» EXERCISE INSTRUCTIONS:
In the records below, find the line that holds "Women's Nike Presto Fly Sneaker .5 M - Grey". Restate it and every later line exactly, stopping at the end and skipping pictures.

Caption-style text data
- Opening Delimiter -

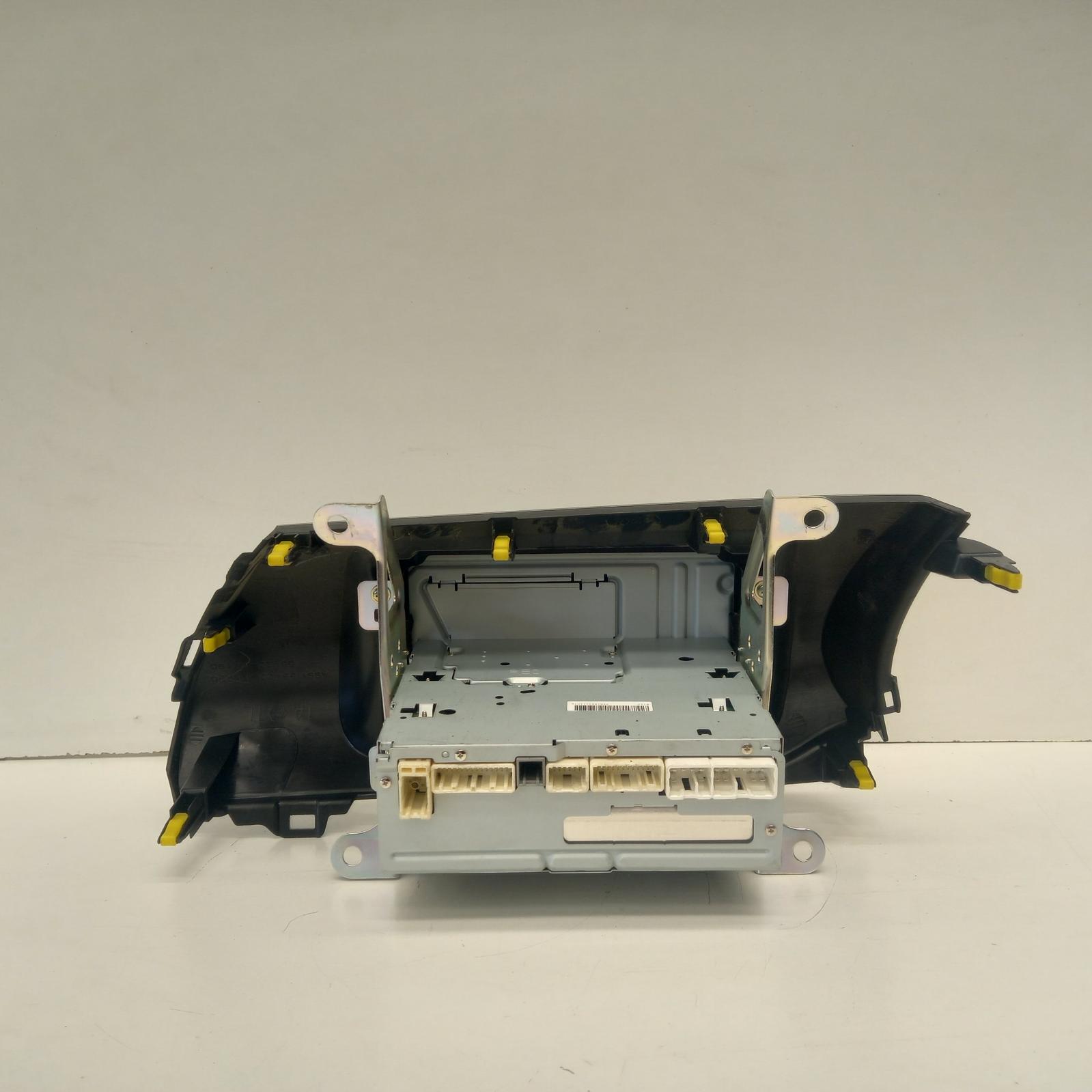 View Auto part Radio/Cd/Dvd/Sat/Tv Toyota Hilux 2016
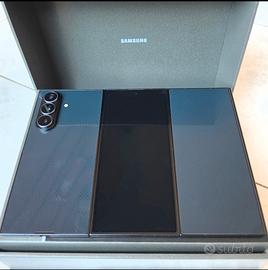 SAMSUNG GALAXY TRIFOLD DA 512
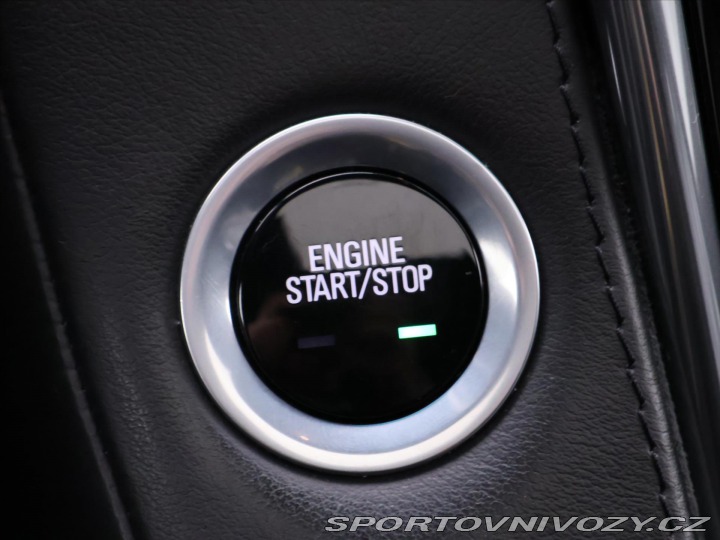 Ostatní značky Ostatní modely Cadillac Escalade 6,2 L V8 313kW AWD Platin 2017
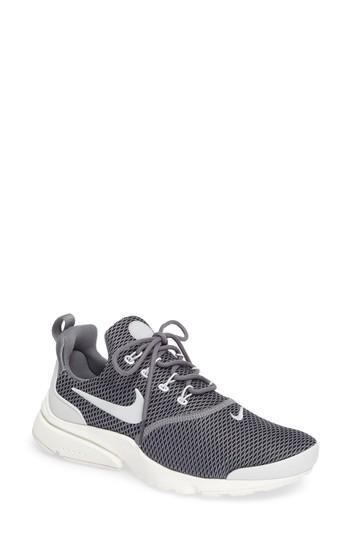 Women's Nike Presto Fly Sneaker .5 M - Grey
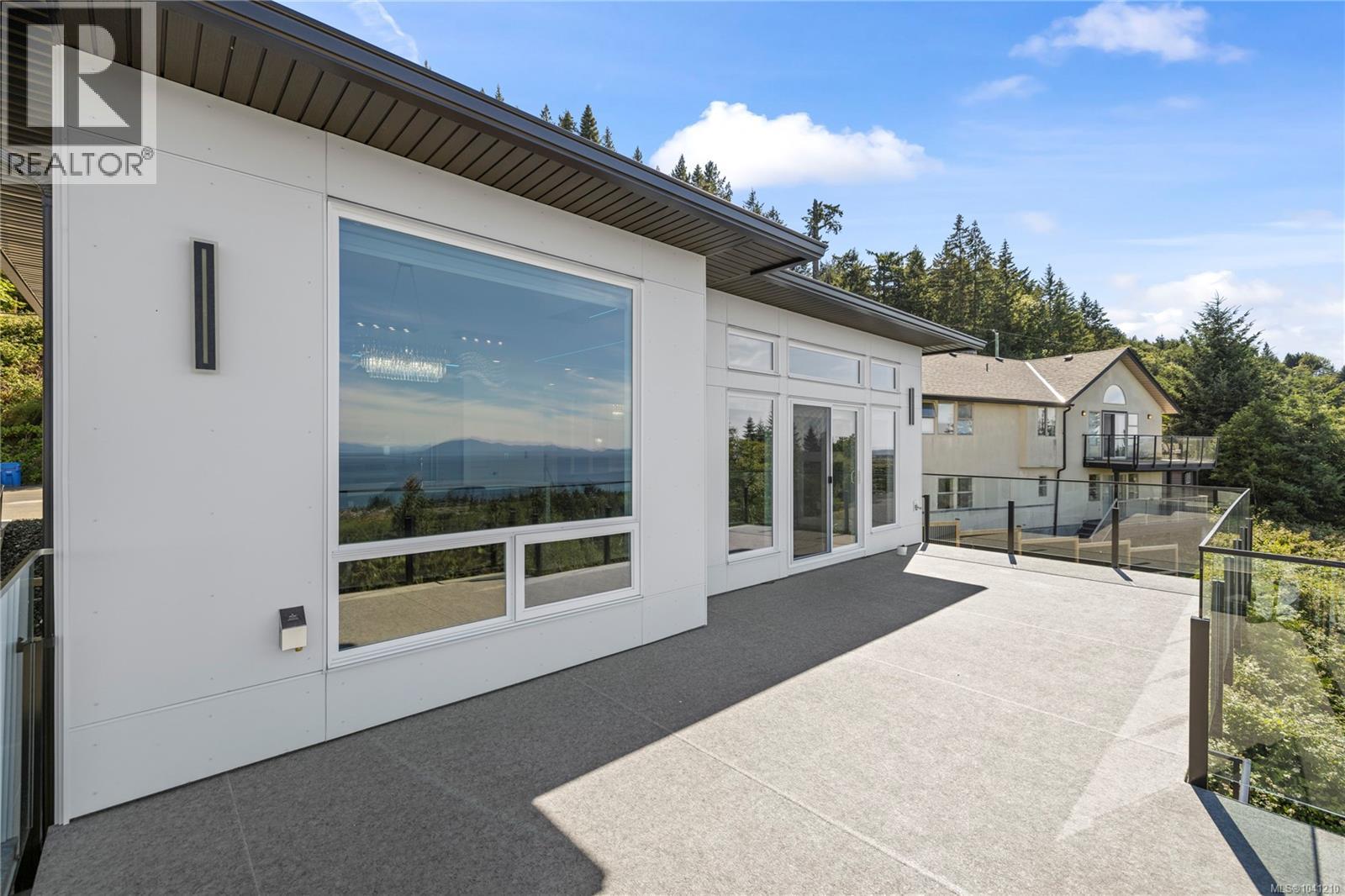 4990 Laguna Way - 28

- Closing Delimiter -

» RESPONSE:
 Women's Nike Presto Fly Sneaker .5 M - Grey
 4990 Laguna Way - 28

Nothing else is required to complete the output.